**WHAT IS REQUIRED**: All pictures are to be omitted while the lines starting at the line with "3-Hours Private Tour" and ending at the line with "Paprotki - zdjęcie 21" in the material below are retyped exactly, both ends included.

**INPUT MATERIAL**:
────────────────────────────────────────

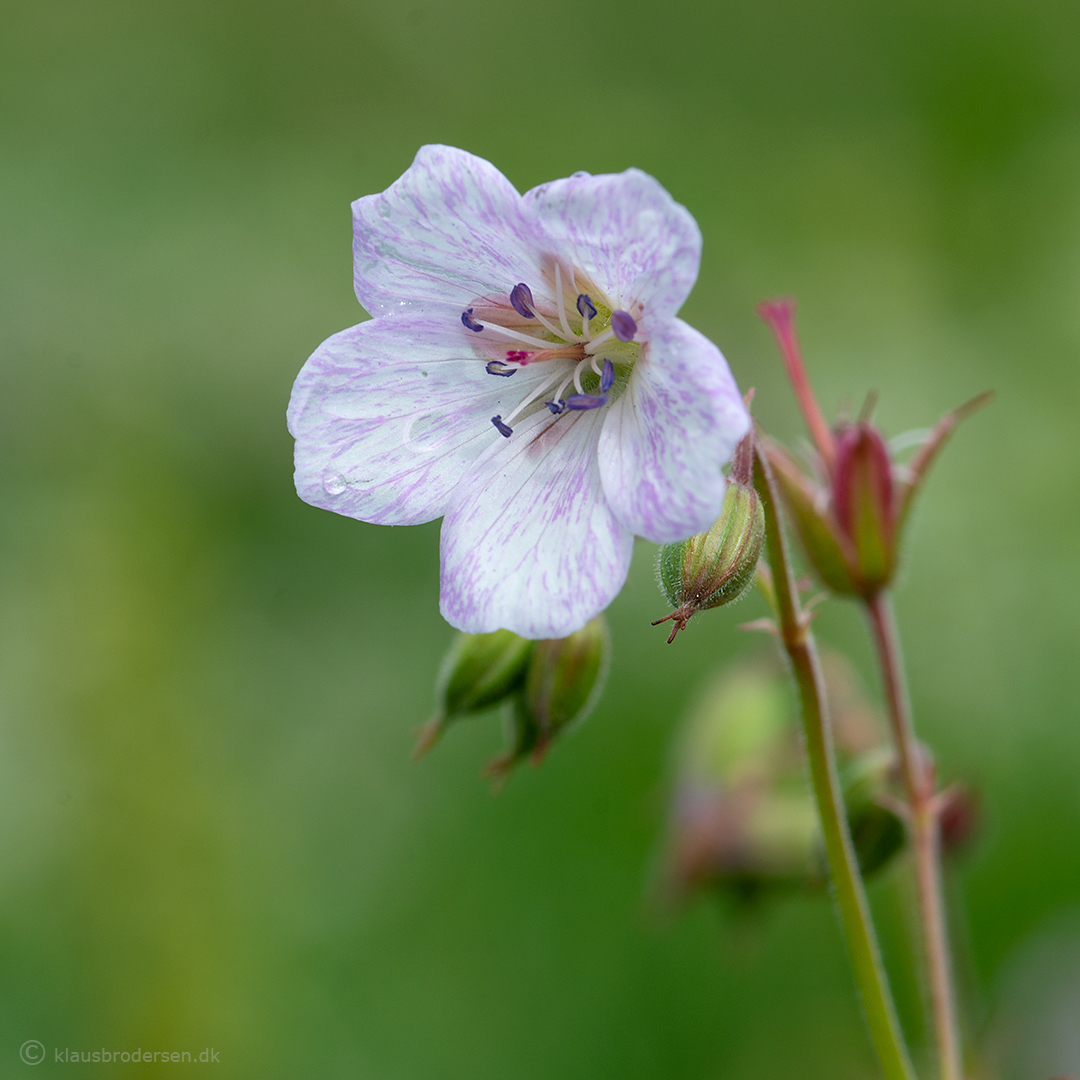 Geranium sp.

────────────────────────────────────────

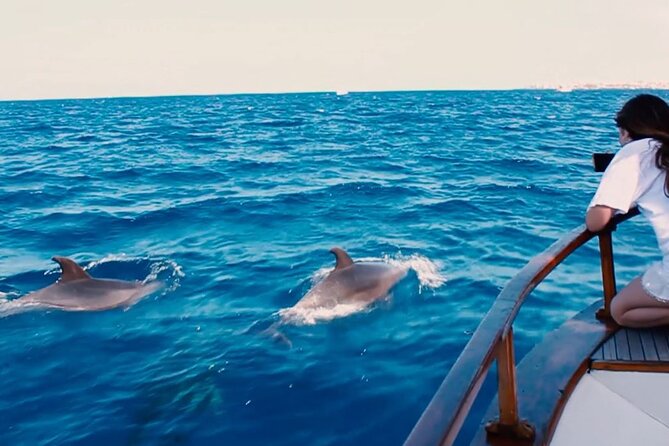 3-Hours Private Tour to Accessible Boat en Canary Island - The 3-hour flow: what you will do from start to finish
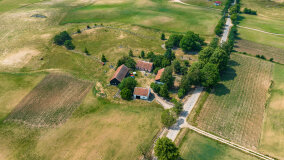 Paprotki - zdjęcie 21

────────────────────────────────────────

**ANSWER SPACE**:
 3-Hours Private Tour to Accessible Boat en Canary Island - The 3-hour flow: what you will do from start to finish
 Paprotki - zdjęcie 21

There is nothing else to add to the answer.